I don’t remember being particularly surprised by the conversation topic. Caroline already exclusively referred to her partner as “my wife” (as a joke, of course) and mentioned how Olive would wear her clothes. At the time I was quite aware of envy towards Olive. Of course I had a crush on Caroline, so the general shape of the envy was familiar, of wanting to date and love Caroline, and having her date and love me too. Every evening Caroline would have dinner with me and call Viv on the phone; I remember the look on her face as she’d turn away from me, say “see you tomorrow!” and walk back to her room. I wanted it to be me, of course. I wanted to be her boyfriend—a thought that was salient enough for me to listen to sad music about it, and write about it vaguely in the margins of Chem 151 notes.

But as Caroline talked more and more about Olive, who was becoming Viv, and how she was actively supporting and enabling and loving her transition, I saw a glimpse of a different sort of envy. In Caroline I saw a different life that was possible; her existence was proof that hey, maybe there are girls who could still love me even if I’m more of a “feminine” guy. A small part of me began to believe that I could become more feminine (or be feminized by Caroline), but still loved. I felt this pang of longing when Caroline would talk about all the clothes she was lending her long-distance girlfriend; and a vague yet persistent discomfort seeing my ill-fitting jeans and blue sneakers.
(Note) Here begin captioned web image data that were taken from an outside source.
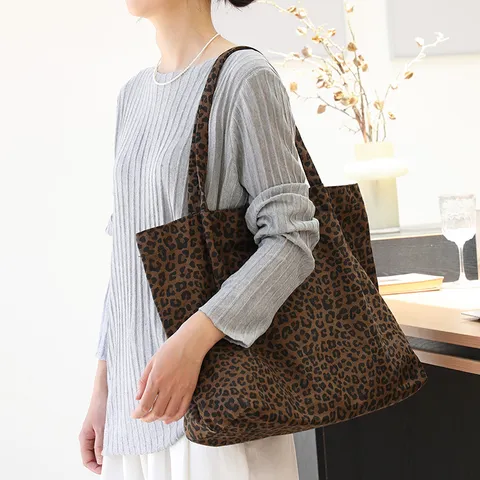 Vintage Luipaardprint Canvas Tote Tas Voor Vrouwen Grote Capaciteit Koreaanse Stijl Casual Schoudertas Literaire Dagelijkse Tas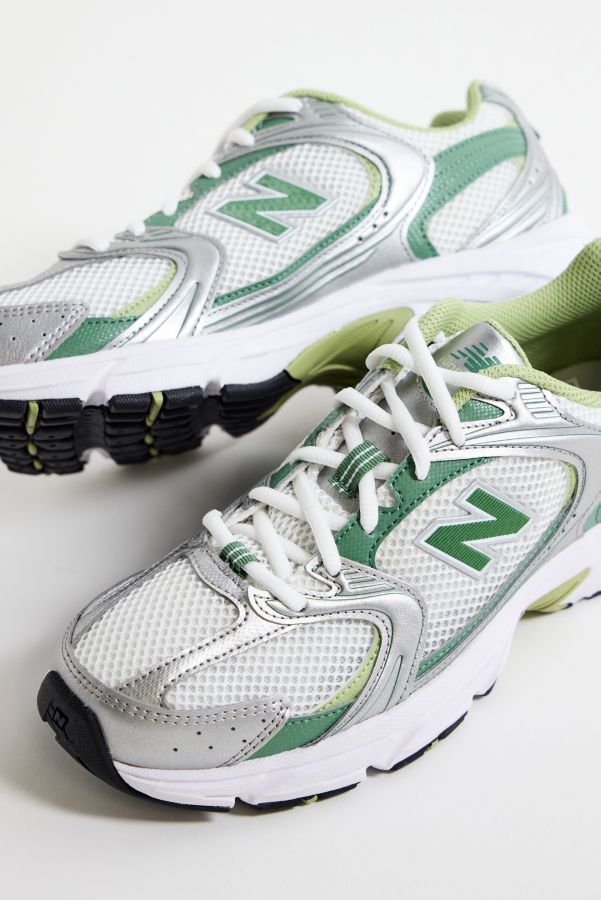 Slide View: 4: New Balance White & Green 530 Trainers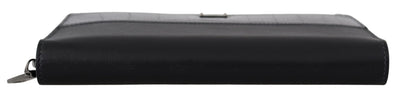 Dolce &amp; Gabbana zwarte Continental Clutch leren portemonnee met rits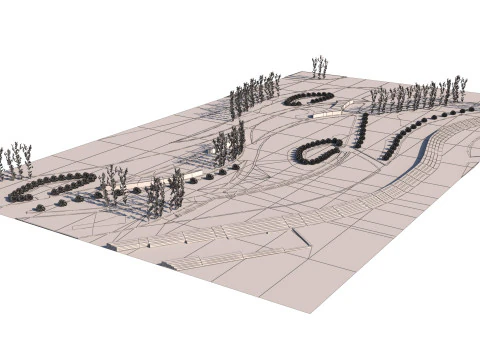 Parco di riferimento a basso numero di poligoni Modello 3D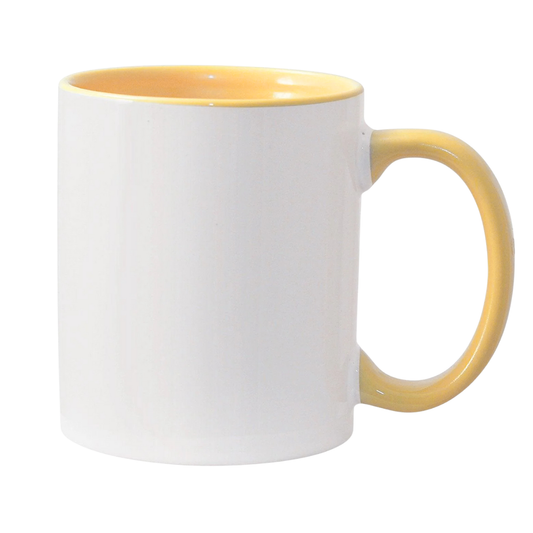 Yellow Inner & Handle Custom Sublimation Mug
So, this is also around the time when Caroline and I got really physically close. She was on this swing dance team and needed to practice, so we’d dance in her dorm, just the two of us, her as the lead, and me as the follow. We’d get drunk and I’d joke about how weak I was and she’d show off how easily she could beat me at arm wrestling. She would come to my chemistry lectures and steal the breakfast out of my backpack, eating it when I wasn’t looking. I’d nap in her bed if I was tired, I’d tell her about my chemistry classes because she liked it when I explained stuff.

Once she was so depressed she could barely leave her room to go to class or get any food from the cafeteria. I brought her soup that day in a little plastic container, carefully walking across campus to her dorm in Dauten Hall so it wouldn’t spill. She opened the door for me, lights out and bangs unkempt. She mumbled thank you, closed the door behind her. I heard her sobbing on the other side of the door. I stood there for at least a couple minutes in the hallway, trying to work up the courage to knock and comfort her.

I never knocked, never went in. I never told her or asked her about it, even five years later when we became roommates in Astoria. Things were different between both of us. I was unemployed and working odd jobs, going through the he/they phase (lol), had this situationship thing with my ex, Sylvia. She had broken up with Vivienne long ago at this point and was seeing men. We’d trip acid, smoke weed, ride the train. We’d go to lesbian bars together, where she’d wax nostalgic about Vivenne’s transition: “It made so much sense, in hindsight. Our roles clicked into place,” Caroline said. “I thought to myself, oh, okay, I’m supposed to be fucking you.”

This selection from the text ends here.